Copy every line below precisely as it appears.

== Segment start ==

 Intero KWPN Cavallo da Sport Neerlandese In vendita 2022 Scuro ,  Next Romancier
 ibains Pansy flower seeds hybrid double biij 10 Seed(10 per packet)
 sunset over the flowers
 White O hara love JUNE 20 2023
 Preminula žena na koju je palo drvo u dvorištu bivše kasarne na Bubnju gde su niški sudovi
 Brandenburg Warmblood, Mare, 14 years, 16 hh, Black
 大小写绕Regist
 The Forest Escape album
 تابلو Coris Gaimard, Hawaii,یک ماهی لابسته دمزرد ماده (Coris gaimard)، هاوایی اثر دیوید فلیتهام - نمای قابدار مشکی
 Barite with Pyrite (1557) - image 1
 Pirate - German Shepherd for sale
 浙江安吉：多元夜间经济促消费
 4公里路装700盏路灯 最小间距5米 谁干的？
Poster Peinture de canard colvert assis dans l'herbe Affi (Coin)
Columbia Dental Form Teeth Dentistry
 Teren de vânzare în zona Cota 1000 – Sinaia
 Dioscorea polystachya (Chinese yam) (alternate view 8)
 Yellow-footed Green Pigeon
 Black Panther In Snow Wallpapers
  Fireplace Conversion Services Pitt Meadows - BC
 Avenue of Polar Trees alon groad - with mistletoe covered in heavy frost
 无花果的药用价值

== Segment end ==

> _Problem solution_
 Intero KWPN Cavallo da Sport Neerlandese In vendita 2022 Scuro ,  Next Romancier
 ibains Pansy flower seeds hybrid double biij 10 Seed(10 per packet)
 sunset over the flowers
 White O hara love JUNE 20 2023
 Preminula žena na koju je palo drvo u dvorištu bivše kasarne na Bubnju gde su niški sudovi
 Brandenburg Warmblood, Mare, 14 years, 16 hh, Black
 大小写绕Regist
 The Forest Escape album
 تابلو Coris Gaimard, Hawaii,یک ماهی لابسته دمزرد ماده (Coris gaimard)، هاوایی اثر دیوید فلیتهام - نمای قابدار مشکی
 Barite with Pyrite (1557) - image 1
 Pirate - German Shepherd for sale
 浙江安吉：多元夜间经济促消费
 4公里路装700盏路灯 最小间距5米 谁干的？
Poster Peinture de canard colvert assis dans l'herbe Affi (Coin)
Columbia Dental Form Teeth Dentistry
 Teren de vânzare în zona Cota 1000 – Sinaia
 Dioscorea polystachya (Chinese yam) (alternate view 8)
 Yellow-footed Green Pigeon
 Black Panther In Snow Wallpapers
  Fireplace Conversion Services Pitt Meadows - BC
 Avenue of Polar Trees alon groad - with mistletoe covered in heavy frost
 无花果的药用价值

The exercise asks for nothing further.